EXERCISE DETAILS: Below are records. Return each one exactly as written.

SUPPLIED ENTRIES:
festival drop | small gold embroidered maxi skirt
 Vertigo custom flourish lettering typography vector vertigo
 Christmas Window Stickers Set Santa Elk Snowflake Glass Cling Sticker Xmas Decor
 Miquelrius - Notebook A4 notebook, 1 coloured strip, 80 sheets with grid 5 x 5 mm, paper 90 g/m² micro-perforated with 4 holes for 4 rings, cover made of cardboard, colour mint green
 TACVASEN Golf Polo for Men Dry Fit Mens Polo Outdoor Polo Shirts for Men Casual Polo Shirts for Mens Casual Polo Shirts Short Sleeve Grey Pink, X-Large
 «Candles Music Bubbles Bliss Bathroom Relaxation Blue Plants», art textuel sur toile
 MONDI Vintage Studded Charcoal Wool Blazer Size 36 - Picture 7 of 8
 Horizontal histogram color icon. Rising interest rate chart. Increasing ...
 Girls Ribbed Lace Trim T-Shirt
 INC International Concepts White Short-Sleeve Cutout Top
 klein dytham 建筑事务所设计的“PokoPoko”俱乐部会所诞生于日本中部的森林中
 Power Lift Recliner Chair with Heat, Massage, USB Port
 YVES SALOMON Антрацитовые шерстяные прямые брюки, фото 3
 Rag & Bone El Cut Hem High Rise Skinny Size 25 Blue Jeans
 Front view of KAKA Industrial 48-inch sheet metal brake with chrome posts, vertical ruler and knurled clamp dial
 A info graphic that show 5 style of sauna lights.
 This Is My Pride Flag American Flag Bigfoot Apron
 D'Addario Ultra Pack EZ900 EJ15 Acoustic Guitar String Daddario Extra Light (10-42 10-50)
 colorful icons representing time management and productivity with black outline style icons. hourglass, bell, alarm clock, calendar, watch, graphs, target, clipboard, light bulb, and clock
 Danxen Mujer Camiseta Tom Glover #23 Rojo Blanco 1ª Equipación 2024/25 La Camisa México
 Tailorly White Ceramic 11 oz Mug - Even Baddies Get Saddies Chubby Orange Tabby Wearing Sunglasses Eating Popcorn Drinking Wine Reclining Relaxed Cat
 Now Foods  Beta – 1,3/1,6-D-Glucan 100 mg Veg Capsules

RESPONSE:
festival drop | small gold embroidered maxi skirt
 Vertigo custom flourish lettering typography vector vertigo
 Christmas Window Stickers Set Santa Elk Snowflake Glass Cling Sticker Xmas Decor
 Miquelrius - Notebook A4 notebook, 1 coloured strip, 80 sheets with grid 5 x 5 mm, paper 90 g/m² micro-perforated with 4 holes for 4 rings, cover made of cardboard, colour mint green
 TACVASEN Golf Polo for Men Dry Fit Mens Polo Outdoor Polo Shirts for Men Casual Polo Shirts for Mens Casual Polo Shirts Short Sleeve Grey Pink, X-Large
 «Candles Music Bubbles Bliss Bathroom Relaxation Blue Plants», art textuel sur toile
 MONDI Vintage Studded Charcoal Wool Blazer Size 36 - Picture 7 of 8
 Horizontal histogram color icon. Rising interest rate chart. Increasing ...
 Girls Ribbed Lace Trim T-Shirt
 INC International Concepts White Short-Sleeve Cutout Top
 klein dytham 建筑事务所设计的“PokoPoko”俱乐部会所诞生于日本中部的森林中
 Power Lift Recliner Chair with Heat, Massage, USB Port
 YVES SALOMON Антрацитовые шерстяные прямые брюки, фото 3
 Rag & Bone El Cut Hem High Rise Skinny Size 25 Blue Jeans
 Front view of KAKA Industrial 48-inch sheet metal brake with chrome posts, vertical ruler and knurled clamp dial
 A info graphic that show 5 style of sauna lights.
 This Is My Pride Flag American Flag Bigfoot Apron
 D'Addario Ultra Pack EZ900 EJ15 Acoustic Guitar String Daddario Extra Light (10-42 10-50)
 colorful icons representing time management and productivity with black outline style icons. hourglass, bell, alarm clock, calendar, watch, graphs, target, clipboard, light bulb, and clock
 Danxen Mujer Camiseta Tom Glover #23 Rojo Blanco 1ª Equipación 2024/25 La Camisa México
 Tailorly White Ceramic 11 oz Mug - Even Baddies Get Saddies Chubby Orange Tabby Wearing Sunglasses Eating Popcorn Drinking Wine Reclining Relaxed Cat
 Now Foods  Beta – 1,3/1,6-D-Glucan 100 mg Veg Capsules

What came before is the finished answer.